Claire Carey comments on the Chancellor’s Autumn statement
Claire Carey, partner, comments:
“Making clear that he will not take risks with inflation, today the Chancellor outlined 110 measures to help grow the economy. Following an avalanche of pensions reforms proposed in the wake of the Chancellor’s Mansion House speech in July, it was no great surprise that pensions featured heavily amongst the package of 110.
Key themes include greater consolidation, with the Chancellor promising to consult “this winter” on opening up the Pension Protection Fund to act as a consolidator for smaller DB schemes “unattractive to commercial providers”, presumably coupled with suitable safeguards for levy payers given its current function as a pensions lifeboat. He also expects to see a DC market “in which the vast majority of savers belong to schemes of £30 billion or larger by 2030”.

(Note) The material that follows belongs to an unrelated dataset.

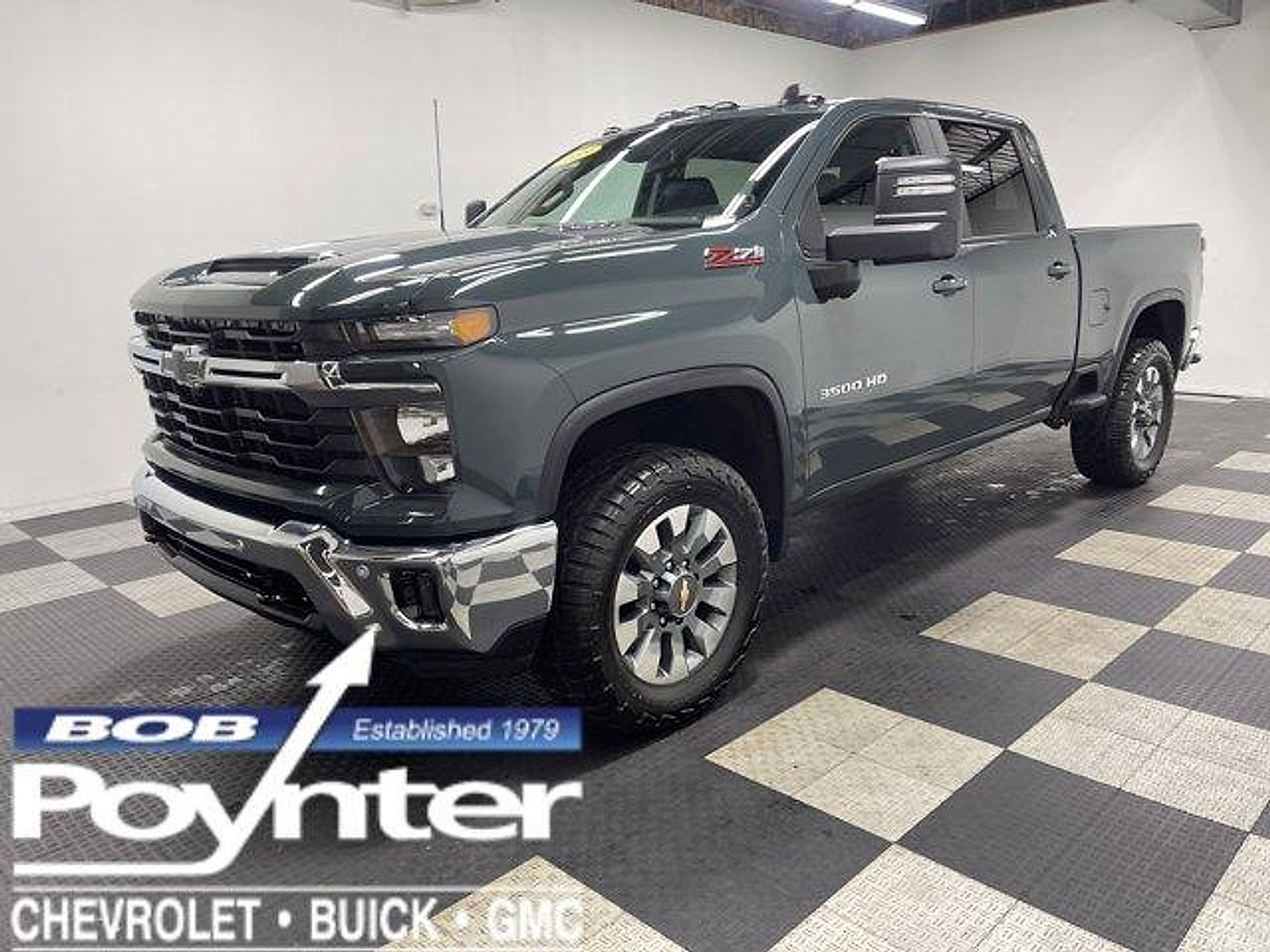 Used 2025 Chevrolet Silverado 3500 LT w/ Safety Package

Given the Government’s stated goal of helping to finance high growth businesses, another winter consultation is in the pipeline on possible changes to rules around when DB scheme surpluses can be repaid to employers, and whether this could incentivise investment in assets with higher returns. The rate at which a surplus repayment is currently taxed will also be reduced from 35% to 25% from 6 April 2024.

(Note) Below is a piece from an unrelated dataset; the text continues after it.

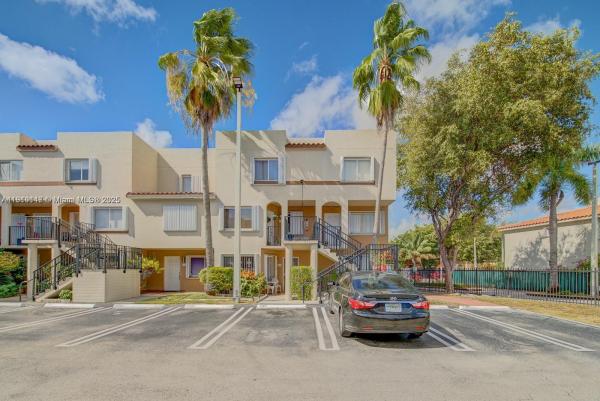 631 NW 82nd Ave #220, Unincorporated Dade County, Florida 33126, image 1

Further reforms to tackle the growing number of people with deferred small DC pension pots were also announced. With the Government already exploring what can be done to tackle the existing problem, it now seems keen to consult on preventative measures. If they ultimately get the green light, DC pensions savers will be able to maintain a single pensions pot for life.
Many of the proposals announced today have been on the cards for some time, but the Chancellor seems to be aiming to pack a lot into the time available before the next General Election.”